Im not sure if its just her personality, but when i have playtime with her she doesnt play. ive tried dancing with music, giving her toys (foraging toys, little balls with bells in them, tiny stuffed monkey, etc) to play WITH her but she just likes to wander around the room on her own. usually, she just sits comfortably on her perch or on the chair instead of playing with all the toys laid out for her. i really want to interact with her by playtime, but i cant find things she likes! ive also tried rewarding her with popcorn (not buttered) and pecans, which are her two favourite things, but i cant understand. she just likes to chew on things! i always try to make sure she has things to chew, too. she seems more like a snuggly and exploring type bird, but i feel she needs enrichment with the people, aside from just head scritches. please help, i need suggestions on things to do with her!


----------



## mohum (Sep 5, 2014)

If it is safe,try putting the toys on the floor when your bird is out.
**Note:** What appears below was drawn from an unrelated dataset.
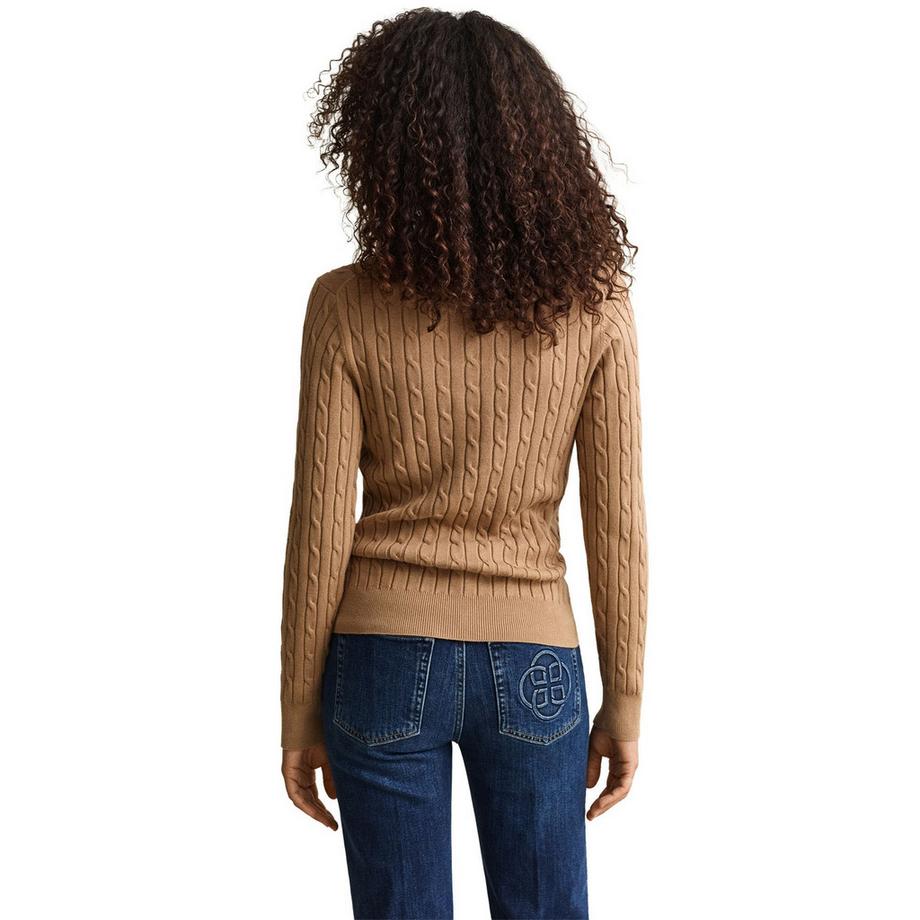 GANT Pull en tricot motif torsadé Conforme à la silhouette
Peppy has had no interest in her toys except when a baby but will happily explore and walk around with all kinds of things on the floor.


----------



## Lunawolfsong (Mar 31, 2016)

It's difficult to get help on this because of how individualized birds are. You just have to keep trying new things until you find what works. What worked for me was getting a playground for Kirby (it woke up his brain figuring out how to get up and down) and letting him play on the counter and table and desk. He enjoyed walking around, chewing on paper and throwing stuff around. After a few times of this, and several months adjusting to my home, he realized that playing was fun and began to play with a toy in his cage. I still offer different kinds of toys, but he prefers the one toy; it's a hanging toy covered in beads with a bell at the bottom. Kirby loves beads and chains, and will occasionally rip at cloths, so those are the kind of toys that I got for him. Good luck


----------



## shaenne (Apr 19, 2014)

My girl Zoe doesn't really play. She just waddles around licking and chewing everything. It keeps her pretty occupied! Then when she's done she'll happily perch somewhere and preen forever and then sleep. I generally just let her do her own thing. I give her stuff to play with like foraging toys and shredable stuff.


----------



## Dressagebird (Feb 3, 2016)

My birds idea of 'playtime' is 'let's bite and ruin everything mum loves or is dangerous for me', 'let's run around like a lunatic and freak everyone out with the noises I make' or 'let's hide behind mums laptop in bed and make her think I'm gone and she's sat on me so she screams in horror'. 
My bird has toys in his cage to attack/chew/eat. He comes out to be with me, just being with your lovely bird is enough, it's probably all he wants.


----------



## Conrad's Keeper (Aug 11, 2013)

Marceldp: 

Your bird Kulfie sounds totally normal to me! Maybe you've had other birds who acted differently, but the way you describe Kulfie is just the same as my two cockatiels. Neither of them "play" with me. Both like to explore the apartment and to chew on things. I personally think maybe Kulfie is fine and normal and everything is ok!  Kulfie probably likes having you around to look at / talk to, and just feeling your presence even if Kulfie doesn't play with you. And I'm sure you like having Kulfie around to look at and talk to, too! Even some humans don't really play. Some people just like to hang out. 

I would recommend you just keep giving Kulfie cool new objects to explore, or bringing Kulfie into new parts of the house (and watch to make sure Kulfie stays safe in new places), if Kulfie likes exploring. And just hang out and chill in Kulfie's presence.


----------